- _Given records_
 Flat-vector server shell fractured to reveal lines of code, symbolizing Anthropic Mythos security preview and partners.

---

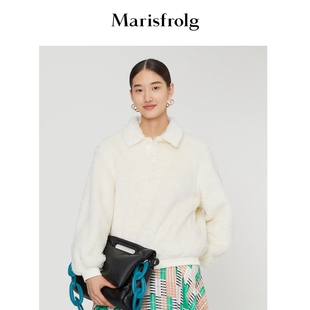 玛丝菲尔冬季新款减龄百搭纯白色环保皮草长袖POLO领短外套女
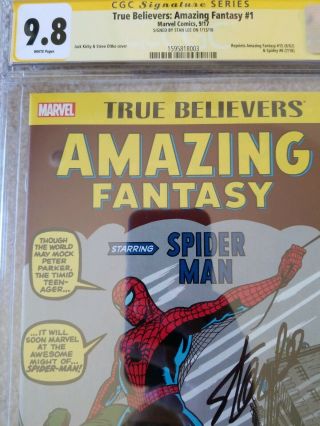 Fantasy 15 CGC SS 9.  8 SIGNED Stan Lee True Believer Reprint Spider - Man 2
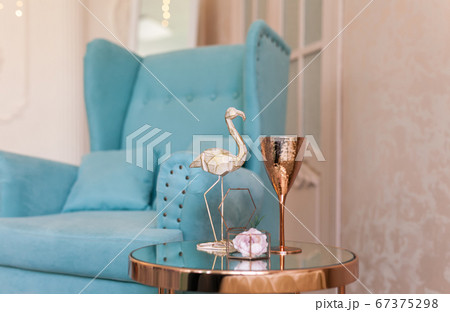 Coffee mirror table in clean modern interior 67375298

- _Exercise description_
Your copy should hold the lines from the one with "玛丝菲尔冬季新款减龄百搭纯白色环保皮草长袖POLO领短外套女" up to and including the one with "Coffee mirror table", exactly as in the data above, and no pictures.

- _Response below_
 玛丝菲尔冬季新款减龄百搭纯白色环保皮草长袖POLO领短外套女
 Fantasy 15 CGC SS 9.  8 SIGNED Stan Lee True Believer Reprint Spider - Man 2
 Coffee mirror table in clean modern interior 67375298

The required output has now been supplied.